Task objective
After locating the line that holds "Organisateur de vêtements", copy that line and all that follow it word for word through the end of the data, with no pictures.
======== Data section
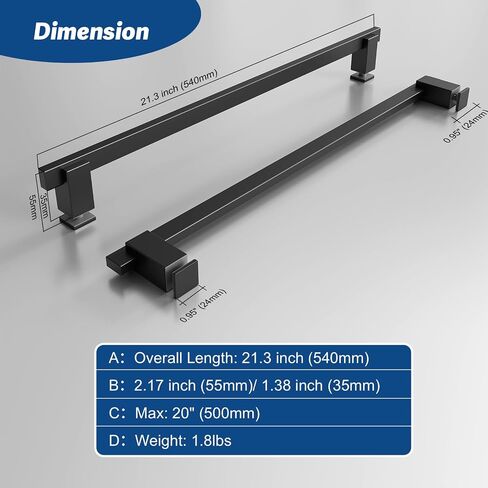Adjustable Shower Door Handle for 3/8" Glass, 304 Stainless Steel Pull Bar, Fits Hole Diameter ≥8mm, Modern Towel Bar & Grab Rail for Bathroom - Bright Chrome (1 Handle Only) in Saudi Arabia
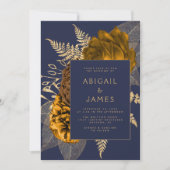 Burnt Orange Gold Floral Navy Blue QR Code Hochzei Einladung (Vorderseite)
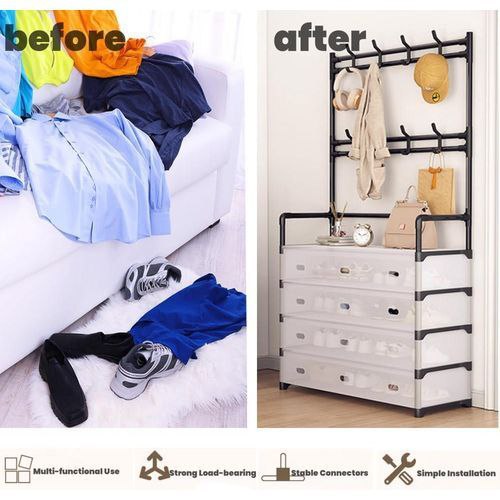 Organisateur de vêtements et de chaussures 3 en 1 incroyable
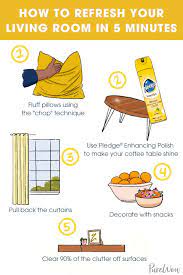 Follow These Five Easy Tips To Refresh Your Living Room Including Wiping Down Your Surfaces With Pled Useful Life Hacks Cleaning Hacks Household Cleaning Tips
================
Exercise solution
 Organisateur de vêtements et de chaussures 3 en 1 incroyable
 Follow These Five Easy Tips To Refresh Your Living Room Including Wiping Down Your Surfaces With Pled Useful Life Hacks Cleaning Hacks Household Cleaning Tips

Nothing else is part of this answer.